Questo è un luogo dalle molteplici anime. Di giorno, sotto il sole, è un’esplosione di vita e colori; di notte, si trasforma in un quadro romantico e riflessivo, punteggiato dalle luci dei paesi che si specchiano nel mare. È questa bellezza mutevole ad aver attratto per decenni grandi registi, che ne hanno fatto un set cinematografico d’eccezione. Ma il Golfo non si offre solo allo sguardo: si vive. Imbarcandosi su uno dei tanti traghetti, si può navigare verso le sue isole iconiche – Ischia, Procida, Vivara e Capri – godendo di una piccola crociera tra storia e natura.
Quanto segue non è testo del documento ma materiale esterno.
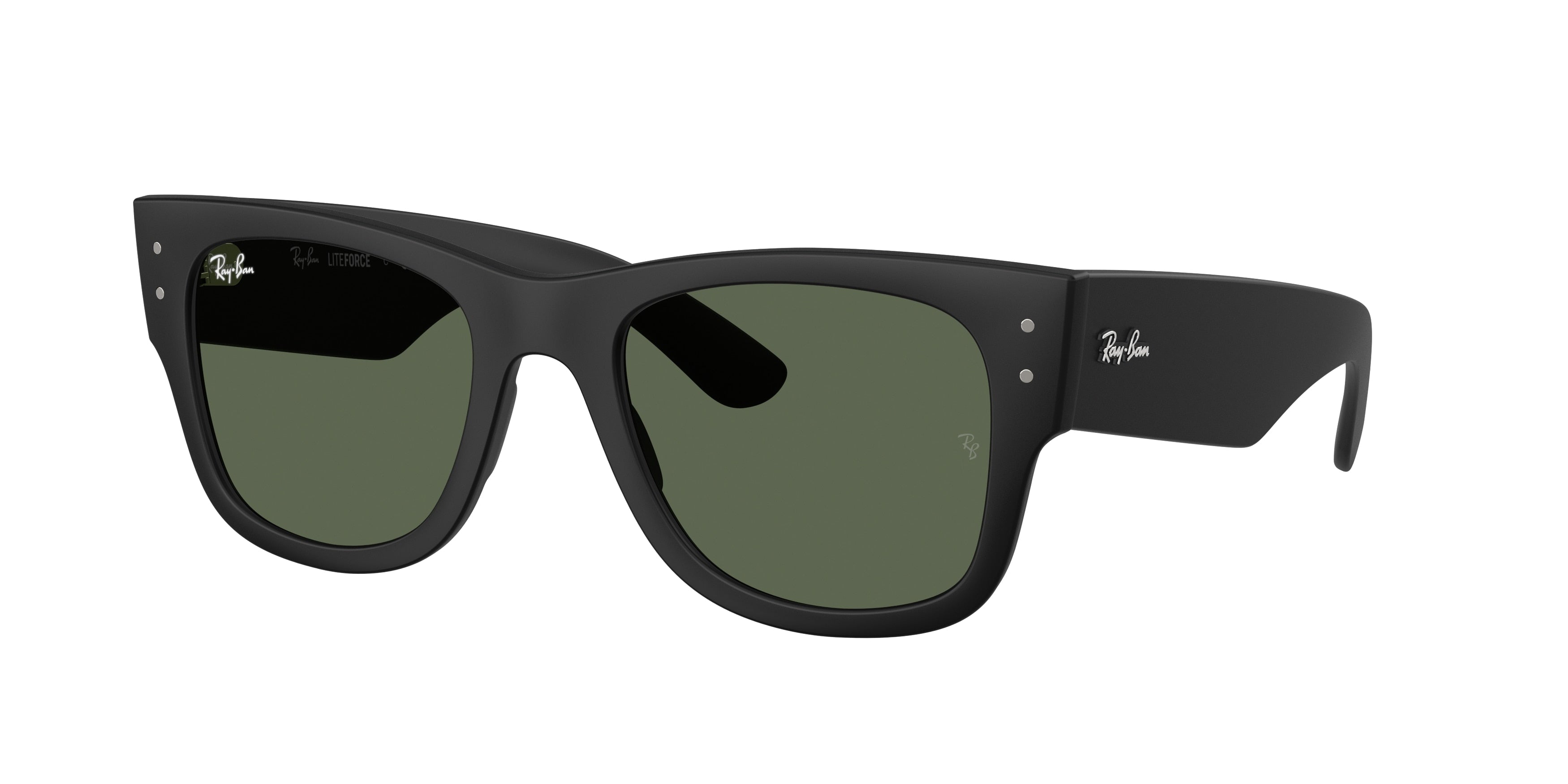 Gafas de Sol Ray-Ban RB4840S 601S71 50 21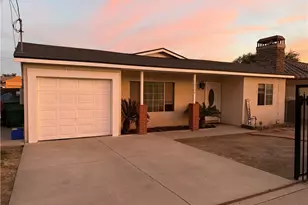13524 Frazier, Baldwin Park, CA 91706 - Photo 1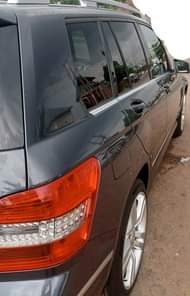 A picture of TAKAS MOTORS 07060931241 Wen Premium meets Luxury Direct Belgium 2011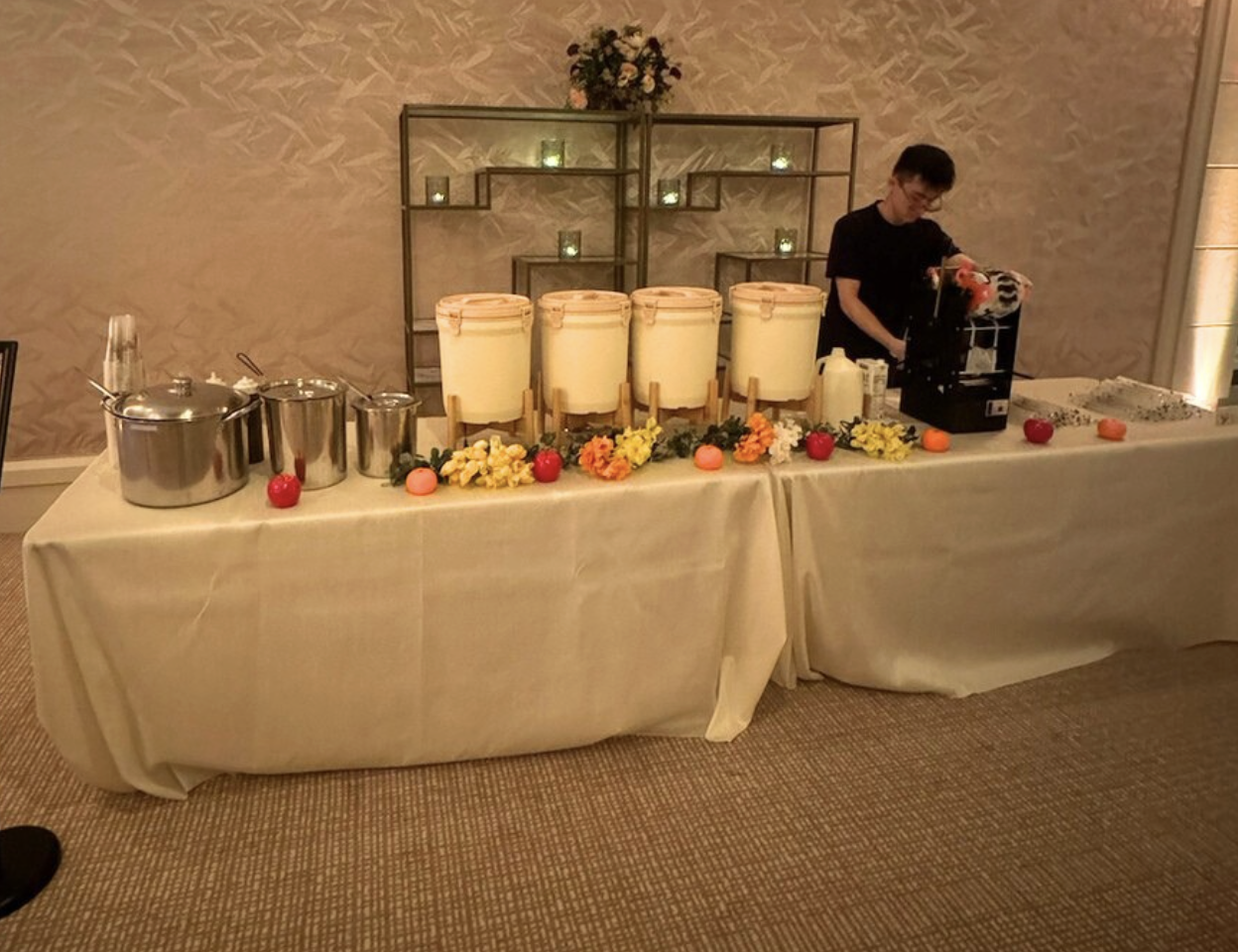 Screenshot 2025-10-11 at 8.40.32 PM.png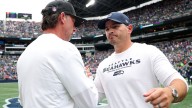 Seattle Seahawks' offseason needs to be backed up in 2 ways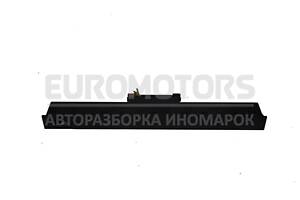 Блок кнопок ASC BMW 5 (E39) 1995-2003 61318373707 56686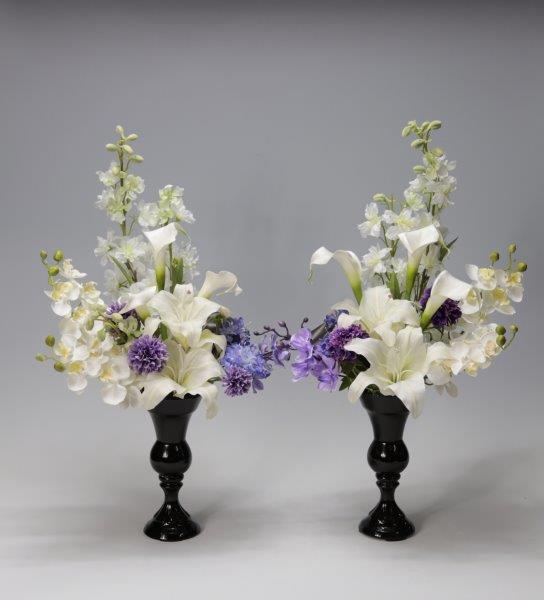 https://www.caracoles.jp/blog/images/20200627-4.jpg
Le esperienze che offre sono un viaggio nel tempo: dalle immersioni nella straordinaria città sommersa di Baia, alla scalata verso il cratere del Vesuvio, fino a rivivere la potenza di Roma nell’Anfiteatro Flavio di Pozzuoli. La storia qui è stratificata: insediamenti risalenti addirittura al Neolitico, seguite dalle lussuose ville romane di Pompei ed Ercolano, testimoniano un fascino intramontabile. Dopo la caduta dell’Impero, il Golfo vide il Ducato di Napoli e poi il Regno di Ruggero II.
Oggi, il Golfo di Napoli è più di una bella cartolina. È un luogo magico da portare nel cuore, dove il passato dialoga con il presente in un abbraccio perfetto tra la città, il suo vulcano e un mare che continua a ispirare sogni.